I suppose it's a bit of a chicken-and-egg situation, really: Do I post some of the promotional content (as below), which I've done before without much success, and hope people like it enough to subscribe, or do I push them to subscribe and then post content once they have, until such time as they stop? I'm not at all sure of what's optimal here. Nothing ventured, nothing gained, right? I just wonder at what point taking that approach becomes foolhardy and a waste of time. I'd ask on Stack Exchange, except my post would probably violate guidelines and get closed/deleted for the infraction. I'd ask on My Lot, except that my account got banned for promoting my content and including an outbound link. (I wonder if I'd be permitted to promote my content if I gave explicit directions/instructions on how to find it, but without actually directly linking to it. That seems a bit convoluted and contrived to me.) Ah, the joys of working within the constraints of Web 2.0 ...
Those options might be worth a shot (even though I don't like that they're Web 2.0 and linked to PayPal, which takes up to 8% of my earnings after the sites take their cut). However, the other options which I've tried so far seem to be a dead end and some income is better than none, if I can get it... Any takers? Knowing how things have gone before, I suspect not. I would be pleasantly surprised to be proved wrong, of course.
There is of course the issue of how to digitally sign/watermark my content in such a way that the identification of it as my creation can't be easily tampered with or removed once it has been purchased, but that's currently a secondary issue to the fact that it's not selling in the first place. I'm sure there must be ways, including steganography (since EXIF data can be stripped and often is), although I don't know if resampling/down-scaling by sites that use it has any impact on that.
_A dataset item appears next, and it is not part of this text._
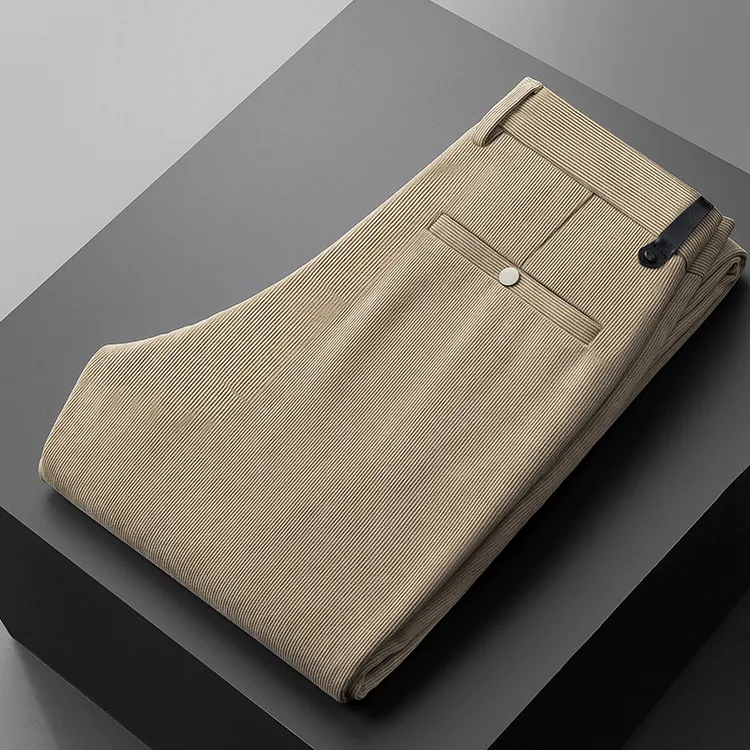 2023年秋冬新款高档条纹耐磨保暖轻奢时尚商务百搭男士直筒休闲裤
So many things to consider and investigate just to hopefully make some money/crypto, so little time ...
Maybe I should just go ahead and create a Deviant Art account anyway, upload the tame promotional content and make it clear where to go to get the far more explicit/racier stuff while I wait for it to be removed and my account banned. That seems to be what other people do and how they drive visitors to Patreon. That might work for a while. Of course, there's always making promotional videos and putting them on YouTube and Vimeo as well. The filters it employs for adult/sexually explicit and/or suggestive content seem to be highly inaccurate (judging by the fact the Wheeler Walker Jnr's Puss in Boots features porn stars with bare breasts and isn't censored, but the original music video I made for Dark Heroine is really not very racy but somehow got age restricted).
A sample artwork (with watermark) of some of the tamer content on offer, since this post cannot be marked as NSFW

Believe me; there is a great deal more content sitting on my HDD at the moment and it is definitely far more explicit than this (some of it even blatantly pornographic, because one of the tools I use doesn't just permit that, it seems incapable of generating anything else unless given very clear instructions to keep it clean and even then it often fails at that). However, what I've got is definitely not going to see the light of day unless I can keep it locked behind an 18+/Explicit content/NSFW filter and/or paywall of some kind. (That's why I was hoping to be able to get my Weasyl account activated, but it doesn't look like that's going to happen any time soon, unfortunately.)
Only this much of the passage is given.